Som da Liberdade – uma resenha e uma análise

Ontem assisti ao filme Som da Liberdade. Por algum motivo que a mim me escapa, esse filme está cercado de polêmica, sendo pomo de discórdia entre os dois lados do espectro político. Vou aqui analisar o que vi e tentar entender porque existe a polêmica.

O filme em si é realmente muito bom. Um thriller de tirar o fôlego, salpicado com momentos de emoção. Confesso que foi difícil segurar as lágrimas em uma cena. Na fila do toilette feminino depois do filme, ouvi uma mulher dizendo: “chorei em várias partes do filme”. As atuações são convincentes, com destaque para as duas crianças que protagonizam a história.

O filme é competente também em como revela o mundo interior de Tim Ballard, o policial interpretado por Jim Caviezel. Sua religiosidade sólida (falaremos mais sobre isso adiante) aparece somente em uma única frase dita em um diálogo, e depois repetida no final do filme: “God’s children are not for sale”, que foi erroneamente traduzida como “as crianças de Deus não estão à venda”, quando, na verdade, em inglês, essa frase se refere a “filhos de Deus”, o que a torna muito mais ampla. Esta frase levanta levemente o véu da alma de Tim, o porquê ele fez o que fez.

O filme, portanto, é bom, mas sua qualidade não explica sozinha porque está em primeiro lugar nas bilheterias do Brasil. No post sobre cotas para filmes nacionais, mencionei que o diretor do Cinemark afirmou que um filme, para bombar, precisa ser promovido. As verbas de marketing dos grandes blockbusters são gigantescas. Ocorre que Som da Liberdade foi produzido pela Angel Studios, um pequeno estúdio Mórmon de Utah que, com certeza, tem verba limitada de marketing. Vale a pena falar um pouco sobre essa Angel.

Nascida como VidAngel, a empresa se dedicava a comercializar um filtro de controle de conteúdo de streaming para pais. Foi processada pelos estúdios por uso não autorizado de direitos autorais, o que a fez mudar de ramo, produzindo seus próprios conteúdos para famílias conservadoras. O estúdio se financia através de crowdfunding, o que funciona muito bem em nichos em torno de temas que mexem com convicções profundas, como é o caso dos valores conservadores. As pessoas colaboram porque estão convencidas de que estão fazendo um bem para o mundo. No final do filme, o ator Jim Caviezel aparece pedindo doações para o estúdio, para que ingressos possam ser doados. Um código QR na tela redireciona para uma página de doações. Vi vários no cinema apontando suas câmeras. Essa é a promoção possível para quem não tem verba de marketing. E tem funcionado.

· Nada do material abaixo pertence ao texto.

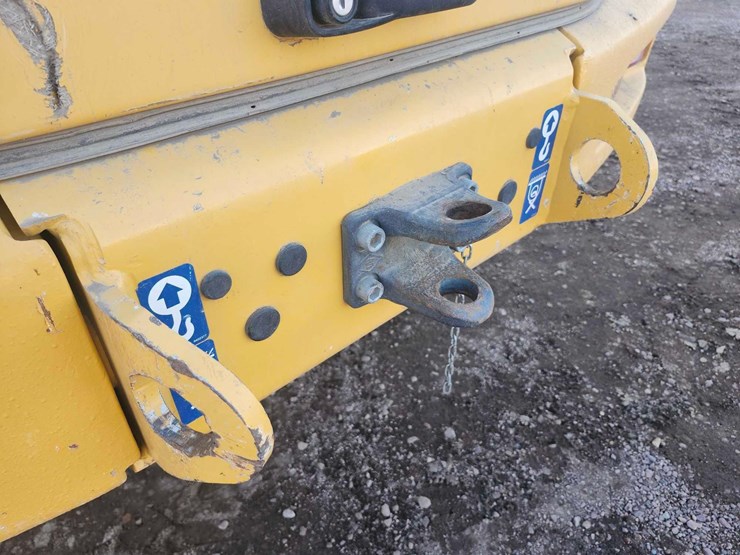 john-deere-324-image-25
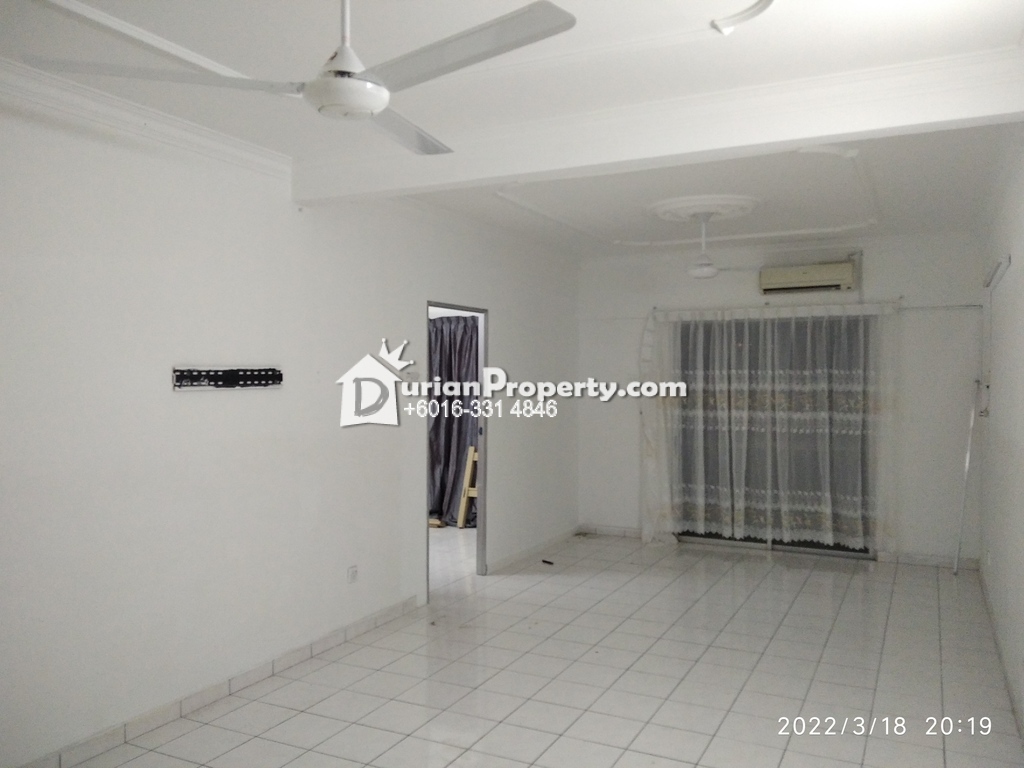 Apartment For Rent at Sri Raya Apartment, Kajang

A Angel comprou os direitos de Som Da Liberdade por US$ 5 milhões (dinheiro de crowdfunding) da Disney, que havia engavetado o projeto quando comprou a 20th Century Fox, estúdio que havia produzido grande parte do filme. Dando uma olhada na bilheteria até o momento (mais de US$ 200 milhões and counting), parece que a Disney, no mínimo, tomou uma decisão comercial errada. Se é que a decisão foi tomada somente por motivos comerciais, mas aí já estaríamos no campo das teorias da conspiração.

E por falar em teorias da conspiração, tente googlar “Sound of Freedom” e “QAnon”. Em largas pinceladas, QAnon é um movimento underground surgido em 2017, que defende que o mundo estaria dominado por adoradores de Satanás, que operariam uma grande rede de pedofilia no mundo. Trump seria o presidente que iria desmantelar essa rede, por isso a perseguição que a grande mídia, atores de Hollywood e grandes bilionários como George Soros (sim, sempre ele) travaram contra o ex-presidente.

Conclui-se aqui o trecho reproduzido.